Opinie czytelniczek po lekturze „Kwitnącego krzewu tamaryszku” są skrajnie różne. Od entuzjastycznej „optymistycznej bomby pozytywnej energii” po archaiczny język powieści i mocno porozbijane życie prywatne niemal wszystkich bohaterów książki.
Opinie czytelniczek po lekturze „Kwitnącego krzewu tamaryszku” są skrajnie różne. Od entuzjastycznej „optymistycznej bomby pozytywnej energii” po archaiczny język powieści i mocno porozbijane życie prywatne niemal wszystkich bohaterów książki.
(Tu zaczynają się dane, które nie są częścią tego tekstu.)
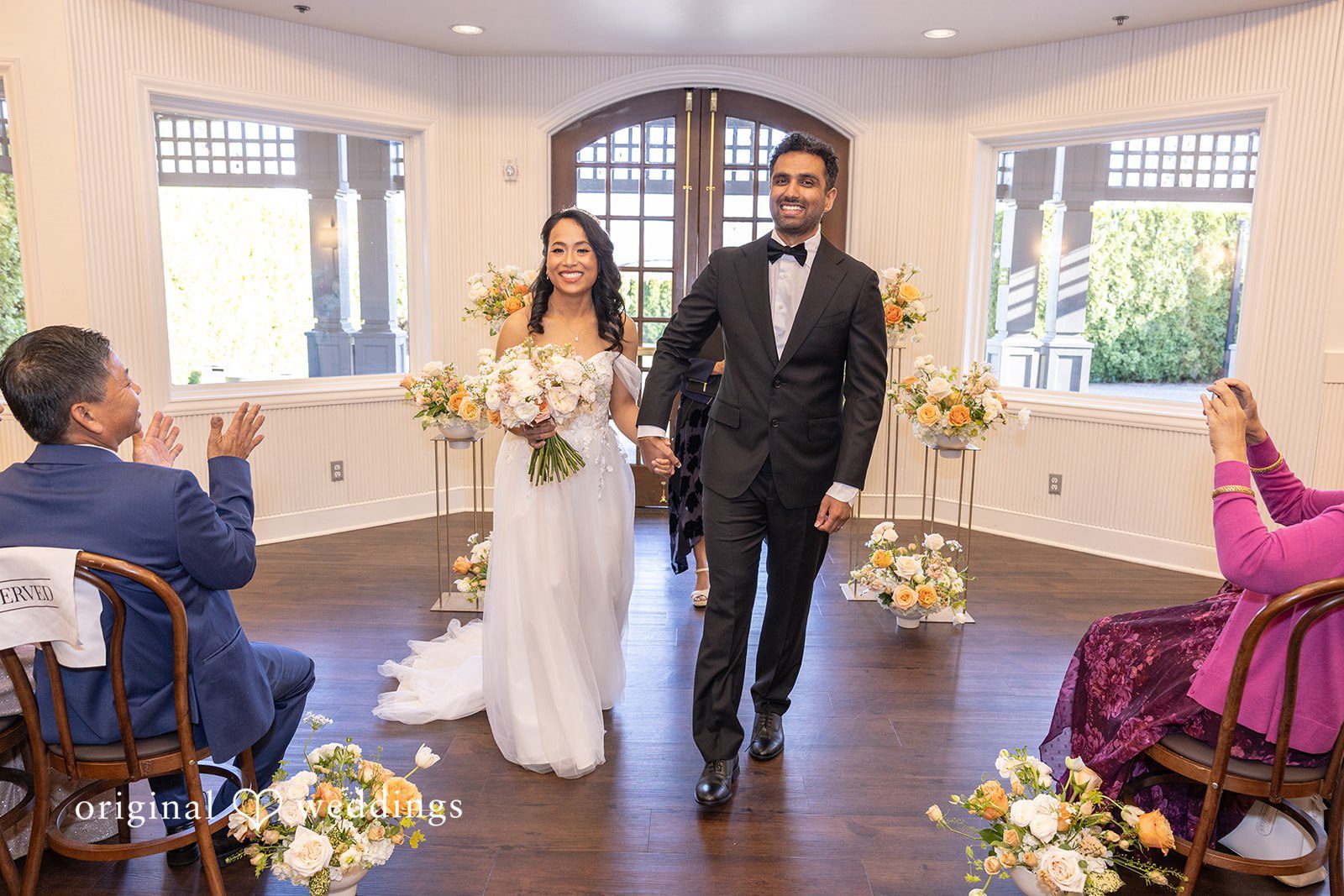A joyful exit of the couple after their wedding ceremony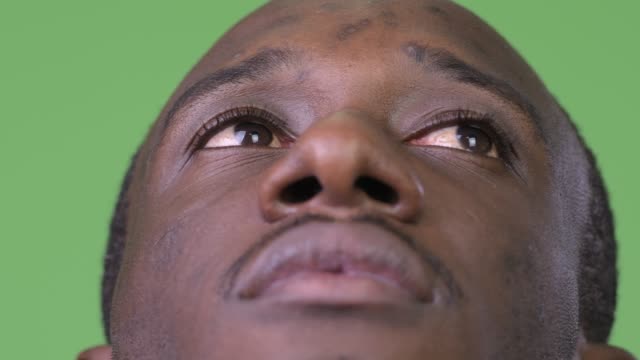 Close-up-shot-of-young-African-man-thinking-while-looking-up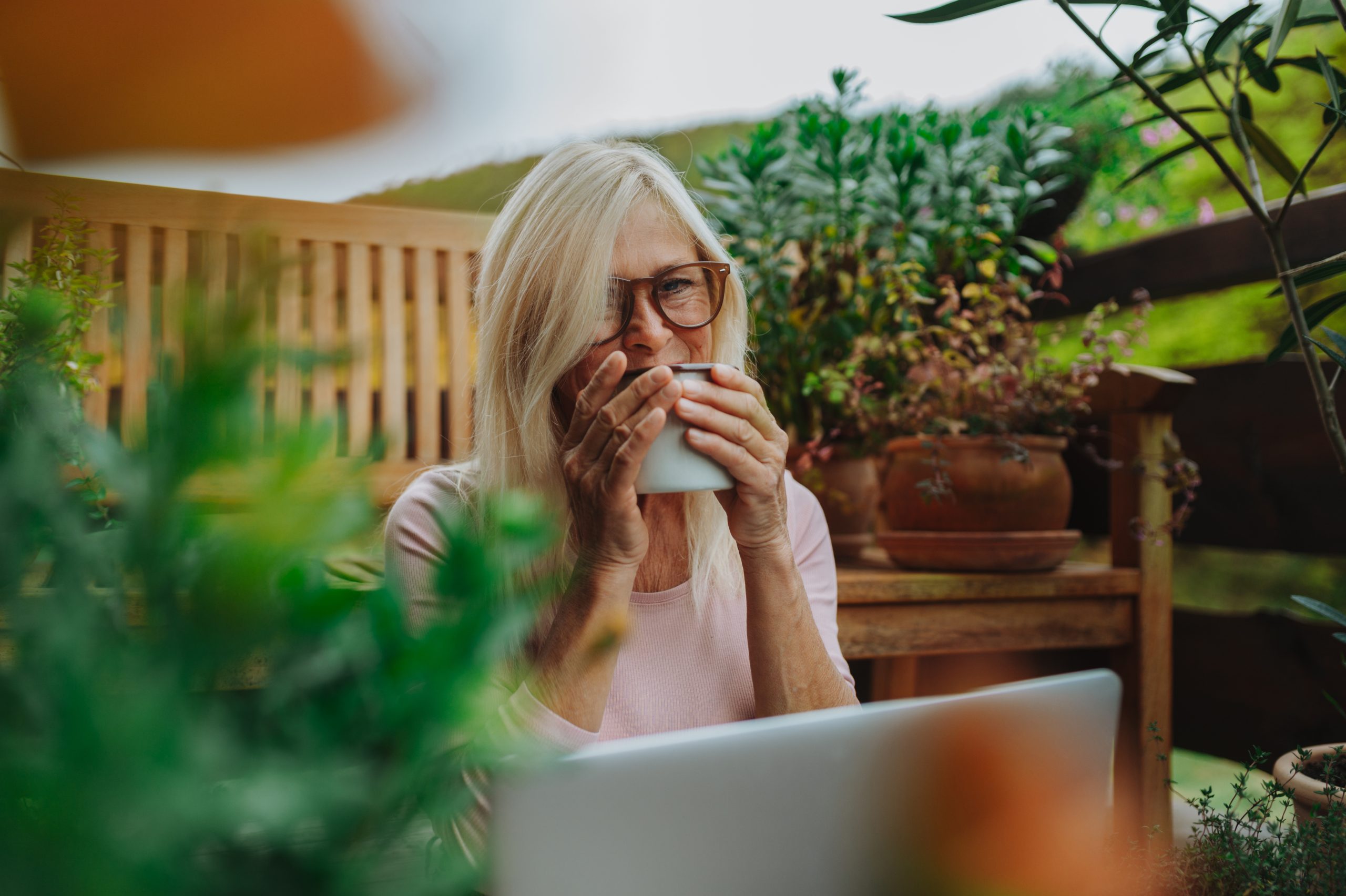 Mature woman relaxing on a Mediterranean terrace
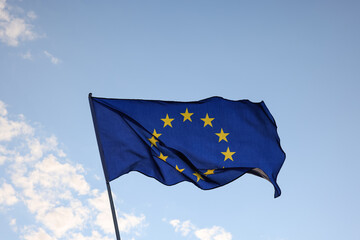 European Union EU flag waving in clear blue sky - obrazy, fototapety, plakaty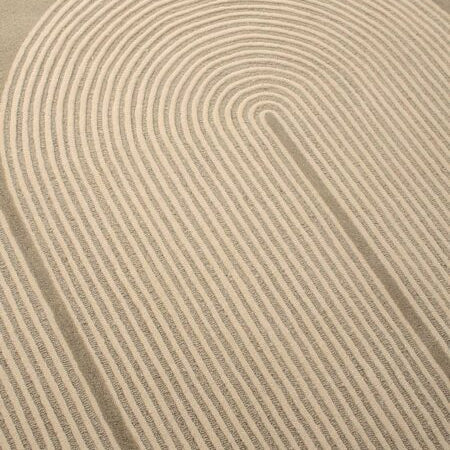 A close-up of a textured area rug featuring a modern, minimalist concentric arch pattern in warm beige and cream tones.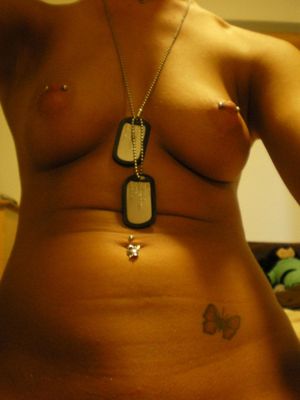 Sexy girlfriend shows off her perky tits and pierced nipples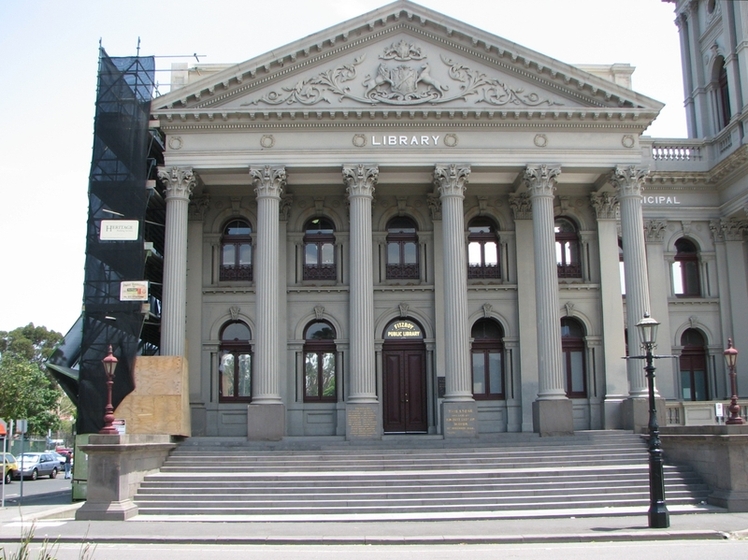Front facade of historic town hall steps and columns front view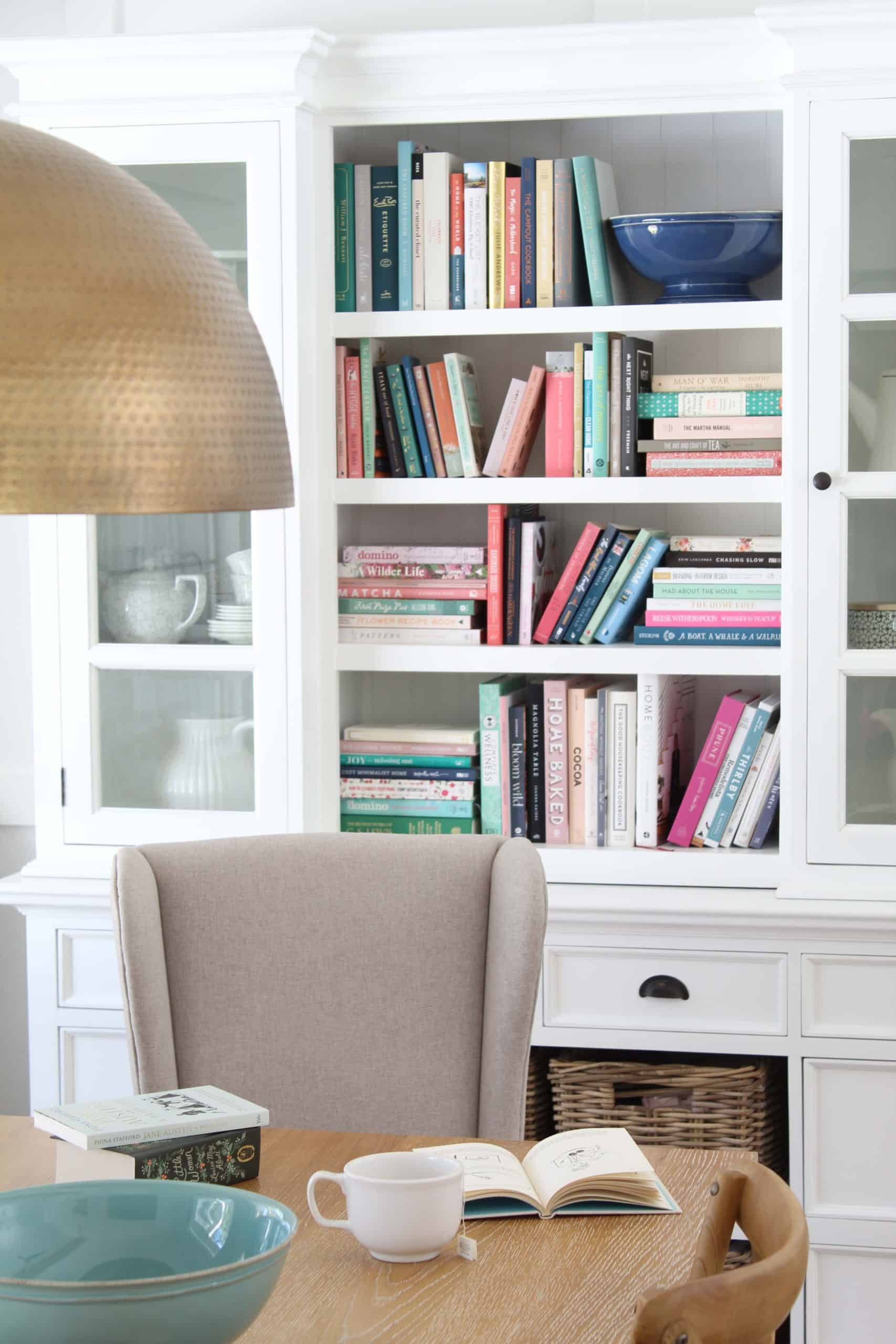 colorful books on bookshelf, brass dining pendant light, large white book case hutch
Co jednak ciekawe, ani osoby zachwycone najnowszą powieścią Wandy Majer-Pietraszak, ani te, które już do niej nie wrócą, nie odradzają lektury. Perypetie życiowe czterech kobiet, których przyjaźń jest równie mocna, jak gałęzie tamaryszku, z pewnością warto poznać.
Autorka „Kwitnącego krzewu tamaryszku” napisała też wiele opowiadań, słuchowisk radiowych i telewizyjnych scenariuszy muzycznych. Jest też współautorką scenariusza serialu telewizyjnego pt. „Siedlisko”, w którym główną rolę męską zagrał jej mąż, Leonard Pietraszak. Ona sama była w nim ciotką Malwiną.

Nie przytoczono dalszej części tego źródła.